**Record set**:
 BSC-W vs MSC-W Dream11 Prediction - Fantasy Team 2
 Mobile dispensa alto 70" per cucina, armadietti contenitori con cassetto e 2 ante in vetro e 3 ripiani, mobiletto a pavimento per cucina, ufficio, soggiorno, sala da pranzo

* * *

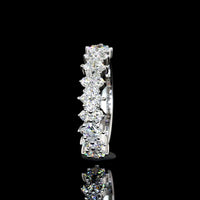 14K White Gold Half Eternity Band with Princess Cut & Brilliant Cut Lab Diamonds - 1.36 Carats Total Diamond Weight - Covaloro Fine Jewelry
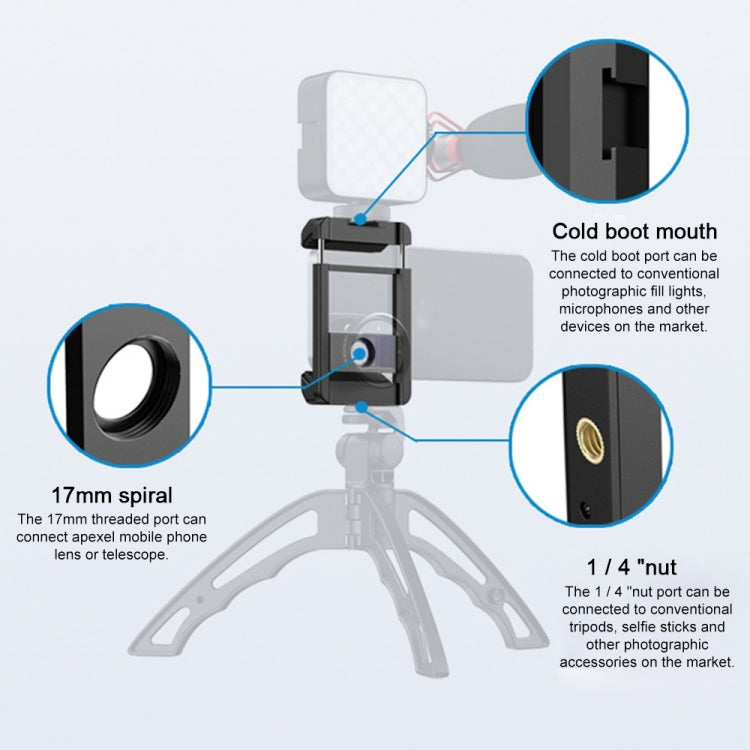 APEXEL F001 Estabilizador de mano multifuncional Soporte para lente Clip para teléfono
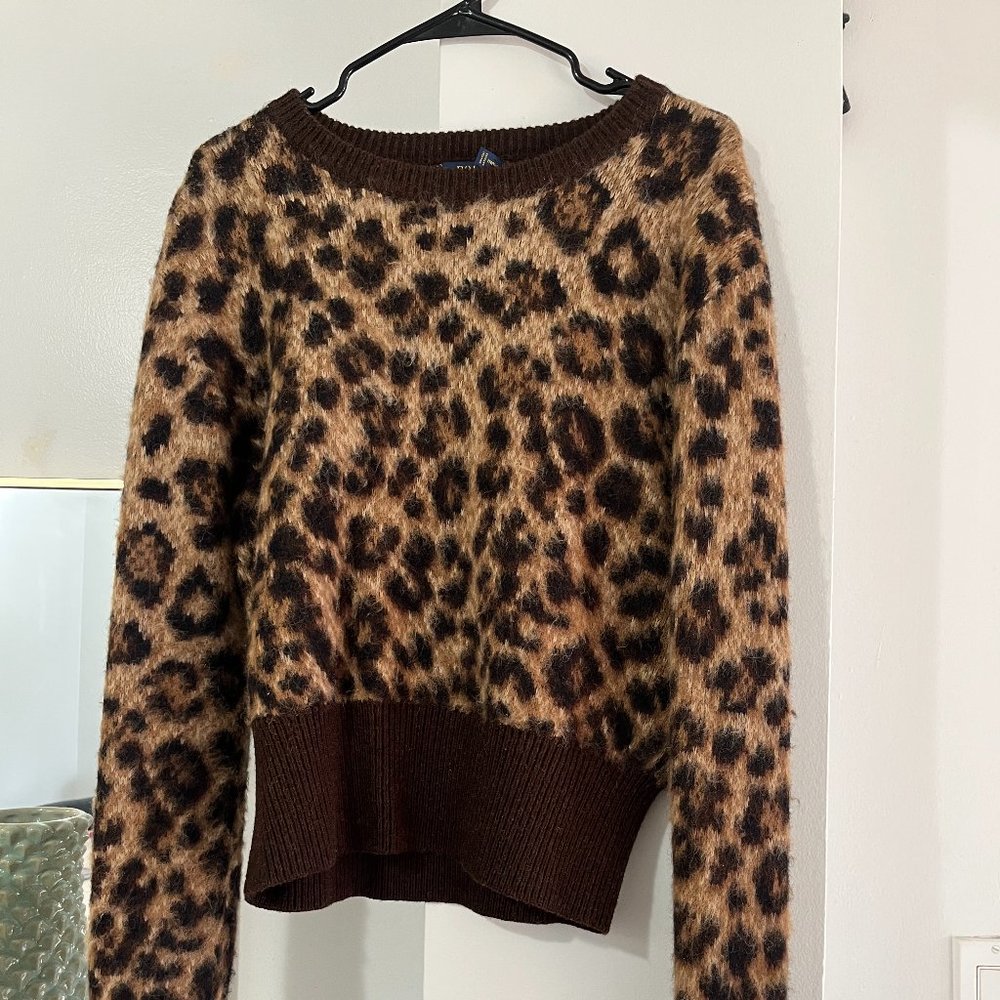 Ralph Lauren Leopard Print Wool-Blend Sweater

==

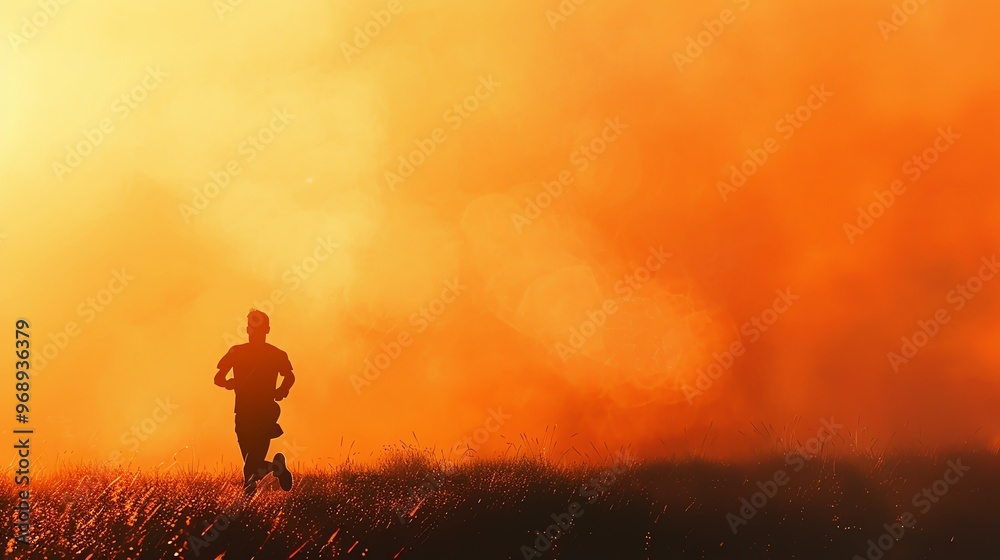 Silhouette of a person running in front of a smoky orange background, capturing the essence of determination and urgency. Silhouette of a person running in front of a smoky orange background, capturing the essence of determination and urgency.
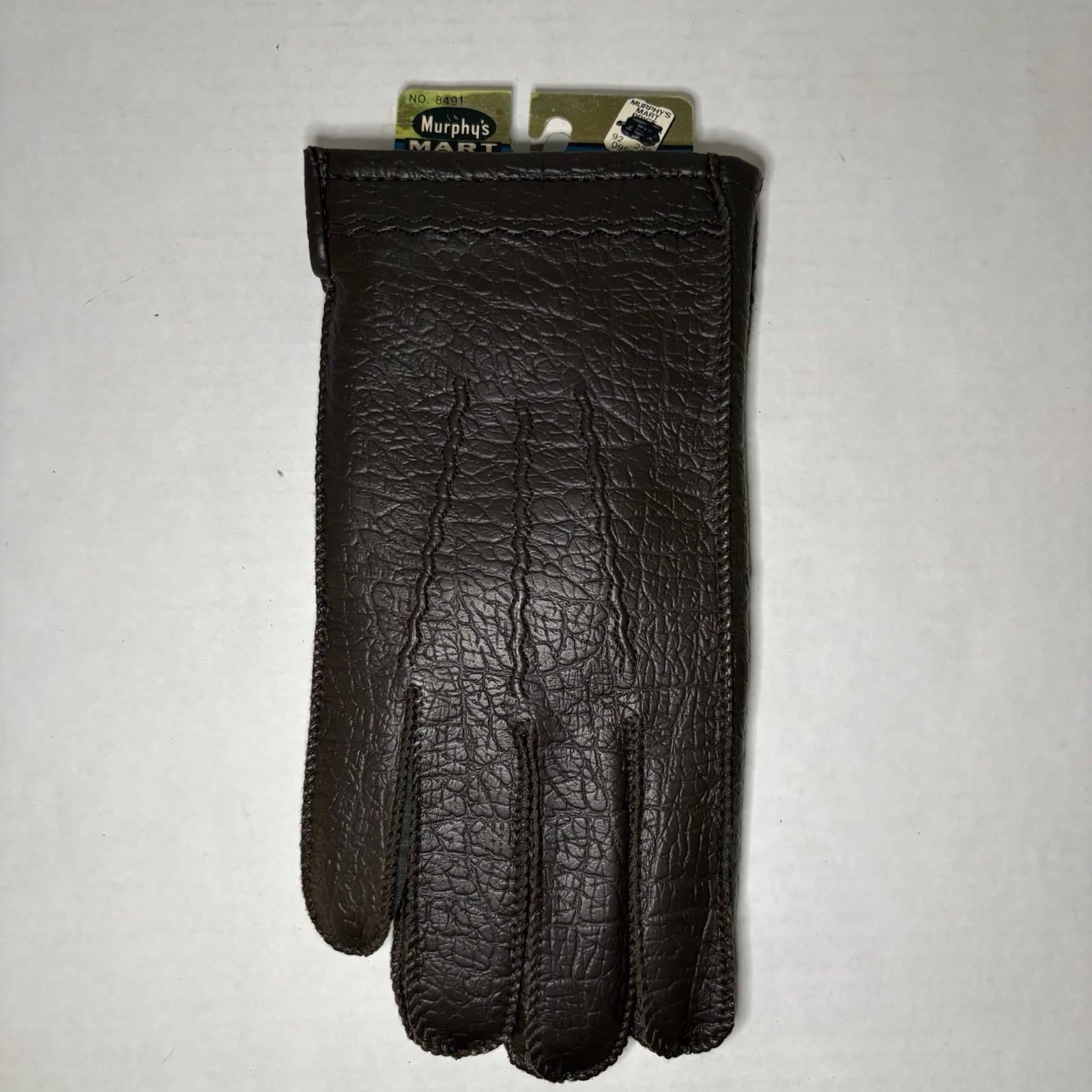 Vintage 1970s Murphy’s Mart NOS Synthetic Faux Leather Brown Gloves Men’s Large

**Task directions**: Copy word for word only the lines above from the one with "14K White Gold" through the one with "Ralph Lauren Leopard". Leave pictures out.

**Solution to the problem**:
 14K White Gold Half Eternity Band with Princess Cut & Brilliant Cut Lab Diamonds - 1.36 Carats Total Diamond Weight - Covaloro Fine Jewelry
 APEXEL F001 Estabilizador de mano multifuncional Soporte para lente Clip para teléfono
 Ralph Lauren Leopard Print Wool-Blend Sweater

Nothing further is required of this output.